Alecta has reported investment losses on both the defined contribution (DC) and the larger defined benefit (DB) sides of its portfolio in the third quarter of this year, saying market prices had fallen back due to the expectation that central banks would keep interest rates at high levels for longer than previously envisaged.
Total assets for Sweden’s largest pension fund – whose chair recently quit in the ongoing crisis over big losses on certain large investments – shrank to SEK1.19trn (€102bn) at the end of September from SEK1.21trn at the end of June, according to yesterday’s interim report.
The DC product Alecta Optimal Pension lost 2.8% between July and September, based on the 60%-equities profile, while the DB portfolio lost 2.0%, the new data showed.
For the first nine months of the year, the returns for the two schemes were positive, however, at 3.4% and 2.2%, respectively.

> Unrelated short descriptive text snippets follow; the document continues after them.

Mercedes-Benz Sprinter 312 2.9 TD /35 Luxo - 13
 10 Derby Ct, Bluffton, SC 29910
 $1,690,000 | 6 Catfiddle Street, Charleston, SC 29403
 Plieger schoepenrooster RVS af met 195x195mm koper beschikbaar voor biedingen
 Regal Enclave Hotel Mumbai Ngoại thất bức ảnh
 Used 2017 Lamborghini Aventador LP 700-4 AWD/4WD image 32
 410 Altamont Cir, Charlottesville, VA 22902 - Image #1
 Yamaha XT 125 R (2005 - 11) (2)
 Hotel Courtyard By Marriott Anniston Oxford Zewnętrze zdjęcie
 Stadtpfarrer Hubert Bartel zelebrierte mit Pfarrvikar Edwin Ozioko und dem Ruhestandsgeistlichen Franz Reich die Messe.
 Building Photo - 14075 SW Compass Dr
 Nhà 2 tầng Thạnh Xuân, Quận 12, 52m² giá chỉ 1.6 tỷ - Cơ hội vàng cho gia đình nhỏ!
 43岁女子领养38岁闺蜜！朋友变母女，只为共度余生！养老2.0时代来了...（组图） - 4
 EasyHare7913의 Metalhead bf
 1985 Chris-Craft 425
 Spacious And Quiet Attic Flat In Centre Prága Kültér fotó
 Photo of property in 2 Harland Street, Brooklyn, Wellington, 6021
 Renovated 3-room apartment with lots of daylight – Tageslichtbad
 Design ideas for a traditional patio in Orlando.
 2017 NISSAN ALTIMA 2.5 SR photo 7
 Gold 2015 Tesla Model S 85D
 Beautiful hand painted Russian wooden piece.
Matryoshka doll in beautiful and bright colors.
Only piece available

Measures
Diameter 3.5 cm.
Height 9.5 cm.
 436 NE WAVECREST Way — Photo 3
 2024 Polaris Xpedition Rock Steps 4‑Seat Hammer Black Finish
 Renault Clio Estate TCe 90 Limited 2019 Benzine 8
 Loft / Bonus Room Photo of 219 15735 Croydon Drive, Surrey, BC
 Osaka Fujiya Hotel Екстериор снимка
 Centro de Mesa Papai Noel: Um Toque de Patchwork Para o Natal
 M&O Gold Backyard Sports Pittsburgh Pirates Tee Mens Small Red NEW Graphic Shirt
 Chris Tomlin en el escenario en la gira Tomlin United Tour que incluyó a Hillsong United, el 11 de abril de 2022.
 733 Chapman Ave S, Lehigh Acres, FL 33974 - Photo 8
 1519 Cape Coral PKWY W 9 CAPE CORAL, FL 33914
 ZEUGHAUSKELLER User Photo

Alecta commented on its investment markets in the third quarter, saying rapidly falling inflation and forecasts of weaker growth had meant that the Fed, ECB and Sweden’s Riksbank had all signaled that the interest-rate peak was close.
“Nevertheless, the central banks believe that inflation risks remain, so we can expect ‘higher for longer’ i.e. the key interest rate will remain high for a long time to come,” it said, adding that this realisation had – above all in the US – led to a sharp rise in long-term interest rates during the quarter.
Rising rates caused negative returns for Alecta’s bond holdings during the quarter, the occupational pension provider said, even though the yield from fixed income holdings has been weakly positive since the start of 2022, it added.
“The real estate sector is still negatively affected by the rising interest rates and, above all, the more indebted real estate companies that suffer from ever higher financing costs,” it said.
“The value development during the third quarter for Alecta’s properties has been marginally positive, but the development since the turn of the year has been negative,” it said.
However, the firm noted that valuations for a large part of its real estate holdings had not been updated for today’s quarterly report.